For the production model that addresses #191 (+0.27 high_compressed IoU vs d058 on held-out S1 cubes), see the companion Spec 1.5 = MedNeXt-L kernel5 + SkeletonRecall checkpoint.
Status: training stopped at plateau (epoch 319)
| metric | value |
|---|---|
| Best validation pseudo-dice | 0.5883 |
| Best epoch | 263 |
| Total epochs trained | 319 (out of 1000 default) |
| Final mean (last 30 epochs) | 0.5651 |
| Wall time | ~10.5 hours |
| Hardware | Vast.ai A100 SXM4 80GB |
| Cost | ~$11.55 |
Training was stopped early when both plateau criteria were met simultaneously:
- 50+ epochs since the last best-validation-dice checkpoint (we hit 55 since epoch 263)
- Mean of last 30 epochs' validation dice ≤ 0.57 (was 0.5651)
Files
checkpoint_best.pth(327 MB) — best validation-dice checkpoint, epoch 263plans.json— nnUNet plans file (architecture config, normalization, target spacing)dataset.json— dataset descriptor from preprocessingtraining_log.txt— per-epoch loss / val_loss / pseudo-dice trace through all 319 epochsprogress.png— loss-curve plot from nnUNet's built-in plotter
Why U-Mamba_Enc
bruniss's existing d058 surface model (nnUNet ResEnc-L, 3³ kernels) underperforms in compressed and highly curved scroll regions, where adjacent papyrus sheets get merged into a single predicted surface. Issue #191 calls for help on this failure mode.
U-Mamba_Enc (Ma 2024) places Mamba state-space model blocks at every encoder stage of an nnUNet-style 3D U-Net.

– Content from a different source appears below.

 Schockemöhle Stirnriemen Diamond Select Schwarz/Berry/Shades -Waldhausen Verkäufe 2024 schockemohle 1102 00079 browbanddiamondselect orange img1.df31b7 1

A single Mamba block can integrate context across the entire spatial sequence in linear time, theoretically the right answer when disambiguation requires evidence from millimeters away.
Training data
bruniss's Dataset059_s1_s4_s5_patches_frangiedt — 1754 volume/label pairs from Scrolls 1, 4, 5 with Frangi vesselness + distance-transform-enhanced surface labels. Same training config as bruniss's d058:
- 3d_fullres, batch 2, 128³ patches, fold 0 (1403 train / 351 val)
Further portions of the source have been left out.